Saturday, June 6, 2015

A disaster which befel the comedian

A disaster which befel the comedian

A disaster which befel the comedian



A disaster which befel the comedian, Riley, a few years before Mr. Rome was nearly killed at Park-house farm, had a somewhat ludicrous termination. The author of the Itinerant, in professionally "starring" through the provinces, remained for some time in the neighbourhood of Furness Abbey, and was engaged to lend his assistance there. The entertainment going off very successfully, a "leetle" too much wine followed on the heels of it. This we presume, for the quantity imbibed by Mr. Riley rendered his perception not quite so clear as it might have been. The way to his quarters was by a footpath through some fields; and jogging along by the dimmish light of an obscured moon, he rambled off the path, and got into a field in which a pugnaciously inclined bull was kept. Snatches of song and other sounds arousing the brute from his night's slumber, he rose and prepared to attack the son of Thespis, and gave notice of his intentions by several long drawn "boos," which "boos" Mr.

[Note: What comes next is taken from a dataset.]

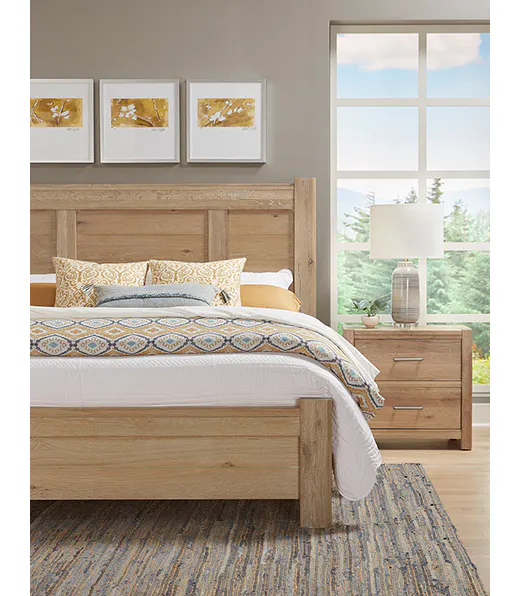 Vaughan Bassett 795-668-866-922-MS1 Crafted Oak Ben's King Poster Bed Bleached White Finish Vaughan Bassett 795-668-866-922-MS1 Crafted Oak Ben's King Poster Bed Bleached White Finish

Riley attributed to some one coming after him from the concert. The bull followed up, and got nearer and nearer, with his "boobooboo!" A collision suddenly took place close to the hedge, and in the twinkling of an eye the gentleman was tossed up, and landed secure, but prostrate, on the other side of the hedge, without any harm but a good shaking. Looking up, the astonished comedian exclaimed: "You are neither a musician nor a gentleman, by , if you are!"